The Artist's E-Book

In 1853, Karl Marx sent a dispatch from London to be published in the New York Daily Tribune. Reflecting on the role of the British in India, Marx decreed that “England has to fulfill a double mission in India: one destructive, the other regenerating the annihilation of old Asiatic society, and the laying the material foundations of Western society in Asia.” The pain of those material foundations, of course, merely sets the stage for the new world’s worker’s utopia. A similarly gargantuan task could describe the e-books released by Badlands Unlimited. Badlands describes itself as making “books in an expanded field,” a tall order in today’s milieu of nostalgic preservation for the printed book’s 20th century form.

The press’ latest release, How to Download a Boyfriend, features image-based contributions from 50 artists strung together by a tongue-in-cheek interactive quiz about love in the digital age. Ian Cheng offers a peek at Duchamp’s Étant donnés through a BlackBerry camera, while Sarah Chow’s tantalizing cotton candy colored, textured rock face hints at a pleasure of touch that remains unfulfilled by the flat smoothness of tablet technology. Other artists include vanguard stalwards Tony Conrad and Peggy Ahwesh, new media stars Cory Archangel and Petra Cortright, alongside Billy Rennekamp, Josh Kline, Travess Smalley, and other artists that have been previously featured on Rhizome. While the HTDLAB engages with the practice of reading and being an e-book, it's also site refreshingly free of reverence and infused with a spirit of exploration and experimentation.

Questions range from the practical (Can I use your Netflix account if we break up?) to the absurd (“What names do you scream into a car crusted pillow with OK Cupid howling on a laptop nearby?”). The interactive answering of questions to which any answer seems equally plausible highlights the ritual of interactivity experienced by all users of Apps and Internet access devices, in which touching the screen sometimes seems as arbitrary as leaving it alone. To that end, Badlands forgoes the popular Apple zoom technique, replacing it with the ability to twist and dance with images as you slide from artist to artist. How to Download a Boyfriend was designed specifically to be experienced on an iPad, a reminder that the embrace of immateriality is accompanied by complicity with monolithic consumer technology.

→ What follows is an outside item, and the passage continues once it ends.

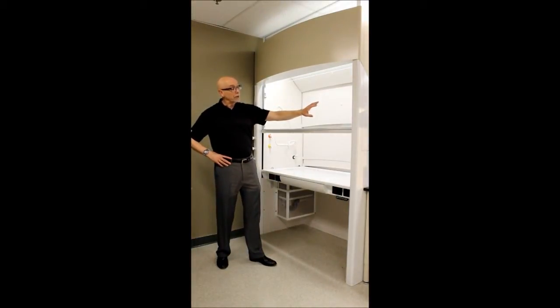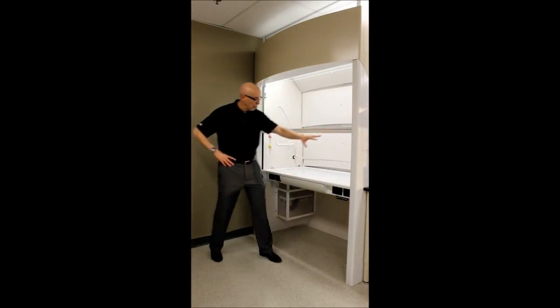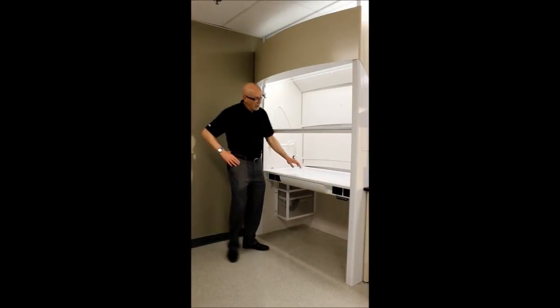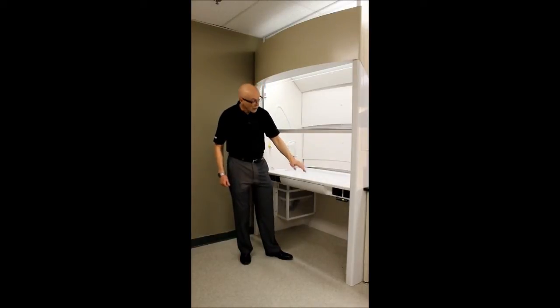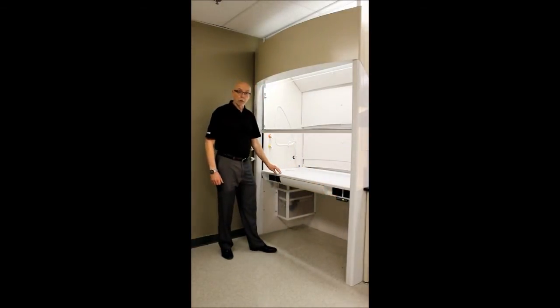Another key attribute of this fume hood is that it's very flexible and very adaptable. You can see that it comes with its own stand-alone frame, and it has a worktop that goes up and down at the push of a button. You can set it infinitely within 30 to 36 inches, and it also has three presets you can utilize if you know the exact height you want it at.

At it's core, How to Download a Boyfriend isn’t a picture book with visual interludes passing as an e-book or a scanned book you read on your phone: it’s simply an e-book. By refusing to repeat tired, overhyped strategies of modernization and creating a showcase of artistic strategies within digital culture, Badlands Unlimited provides a welcome edition to a forum of imagining the future of the book. Faced with the impending annihilation of physical things, the most familiar form of resistance is a return to an artisinal, pre-commodified version of object-culture. Badlands embraces the complex process of dematerialization and ensures that there will be something to look forward to when the physical book, like everything else solid, melts into air.